In den Umfragen der vergangenen Woche lagen CDU und SPD gleichauf. Die Forschungsgruppe Wahlen ermittelte für das ZDF-«Politbarometer» einen Stimmenanteil von 34 Prozent für beide Volksparteien. Infratest dimap sagte im Auftrag der ARD je 33 Prozent für CDU und SPD voraus. Die Linke lag zwischen 15 und 16 Prozent. Die FDP muss damit rechnen, aus dem Landtag zu fliegen (2 bis 3 Prozent). Der Piratenpartei (6 Prozent) und den Grünen (5 Prozent) geben die Demoskopen bessere Chancen, die Fünf-Prozent-Hürde zu schaffen.

So funktioniert's

Bei der Landtagswahl am Sonntag sind rund 800 000 Saarländer zur Stimmabgabe aufgerufen. Elf Parteien bewerben sich um die 51 Sitze im Saarbrücker Landtag. Neben CDU, SPD, Linkspartei, Grünen und FDP treten die Piratenpartei, die Familien-Partei, die NPD, die Freien Wähler, «Die PARTEI» und die Initiative Direkte Demokratie an.

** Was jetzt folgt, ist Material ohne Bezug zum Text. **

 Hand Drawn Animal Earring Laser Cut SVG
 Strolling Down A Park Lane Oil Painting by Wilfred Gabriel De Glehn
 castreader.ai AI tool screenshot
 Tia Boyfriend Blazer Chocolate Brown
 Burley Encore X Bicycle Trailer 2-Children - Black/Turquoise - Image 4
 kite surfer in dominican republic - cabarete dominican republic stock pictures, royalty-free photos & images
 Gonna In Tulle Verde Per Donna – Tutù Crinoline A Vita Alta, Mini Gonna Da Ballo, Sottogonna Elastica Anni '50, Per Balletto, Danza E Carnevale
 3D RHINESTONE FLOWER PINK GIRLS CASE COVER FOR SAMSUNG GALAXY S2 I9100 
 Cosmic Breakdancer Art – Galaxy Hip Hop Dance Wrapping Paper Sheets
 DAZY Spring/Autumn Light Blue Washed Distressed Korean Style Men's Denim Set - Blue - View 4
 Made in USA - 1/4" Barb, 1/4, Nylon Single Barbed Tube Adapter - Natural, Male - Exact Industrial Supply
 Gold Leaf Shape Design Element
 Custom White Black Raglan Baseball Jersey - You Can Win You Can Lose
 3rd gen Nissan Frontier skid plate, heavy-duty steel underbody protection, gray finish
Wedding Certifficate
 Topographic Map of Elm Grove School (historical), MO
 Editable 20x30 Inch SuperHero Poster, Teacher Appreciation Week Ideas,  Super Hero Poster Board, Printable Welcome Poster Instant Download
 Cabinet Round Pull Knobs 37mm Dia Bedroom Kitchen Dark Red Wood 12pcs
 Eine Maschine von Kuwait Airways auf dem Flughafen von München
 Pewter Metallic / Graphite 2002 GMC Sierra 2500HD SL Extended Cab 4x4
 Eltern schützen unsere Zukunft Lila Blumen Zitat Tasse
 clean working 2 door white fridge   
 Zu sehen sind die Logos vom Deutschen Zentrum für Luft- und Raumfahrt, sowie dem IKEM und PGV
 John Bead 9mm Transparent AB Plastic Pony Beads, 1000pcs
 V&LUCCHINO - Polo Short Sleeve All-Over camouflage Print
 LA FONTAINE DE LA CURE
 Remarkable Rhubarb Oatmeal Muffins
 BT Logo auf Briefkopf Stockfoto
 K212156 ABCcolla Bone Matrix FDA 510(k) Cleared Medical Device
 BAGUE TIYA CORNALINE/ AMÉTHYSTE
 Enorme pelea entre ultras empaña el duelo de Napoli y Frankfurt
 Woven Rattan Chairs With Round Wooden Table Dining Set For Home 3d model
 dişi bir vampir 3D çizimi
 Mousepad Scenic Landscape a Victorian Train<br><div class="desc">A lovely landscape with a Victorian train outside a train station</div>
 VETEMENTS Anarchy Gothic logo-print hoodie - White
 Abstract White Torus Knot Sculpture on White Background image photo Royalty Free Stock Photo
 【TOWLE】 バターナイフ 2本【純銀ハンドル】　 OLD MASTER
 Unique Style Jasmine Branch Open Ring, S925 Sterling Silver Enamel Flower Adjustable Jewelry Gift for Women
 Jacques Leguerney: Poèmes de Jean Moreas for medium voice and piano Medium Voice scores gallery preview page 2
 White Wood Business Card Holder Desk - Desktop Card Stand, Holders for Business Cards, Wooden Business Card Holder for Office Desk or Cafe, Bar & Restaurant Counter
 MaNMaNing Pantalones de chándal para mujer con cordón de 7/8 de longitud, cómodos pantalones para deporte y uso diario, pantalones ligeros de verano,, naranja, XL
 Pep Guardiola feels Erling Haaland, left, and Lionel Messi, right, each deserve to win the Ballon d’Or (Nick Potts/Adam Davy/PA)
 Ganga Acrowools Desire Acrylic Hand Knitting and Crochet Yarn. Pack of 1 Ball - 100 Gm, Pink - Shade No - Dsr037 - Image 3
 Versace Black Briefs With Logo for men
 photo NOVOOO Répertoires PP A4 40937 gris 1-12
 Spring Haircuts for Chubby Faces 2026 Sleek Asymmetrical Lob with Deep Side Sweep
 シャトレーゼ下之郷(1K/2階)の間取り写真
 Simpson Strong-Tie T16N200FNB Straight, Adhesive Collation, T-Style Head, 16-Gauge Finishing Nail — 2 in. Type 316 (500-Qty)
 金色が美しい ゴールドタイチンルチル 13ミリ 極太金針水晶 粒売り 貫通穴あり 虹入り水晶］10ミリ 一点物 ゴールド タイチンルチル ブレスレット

Es gibt drei Wahlkreise: Saarbrücken, Saarlouis und Neunkirchen. Jeder Wahlberechtigte hat nur eine Stimme, mit der gleichzeitig die Landes- und eine der drei Wahlkreislisten einer Partei gewählt wird. Von den 51 Mandaten werden 41 über die Wahlkreis-, die übrigen über die Landeslisten vergeben. Diese aus den 60er Jahren stammende Regelung gibt es laut Landeswahlamt in keinem anderen deutschen Flächenland mehr. (dpa)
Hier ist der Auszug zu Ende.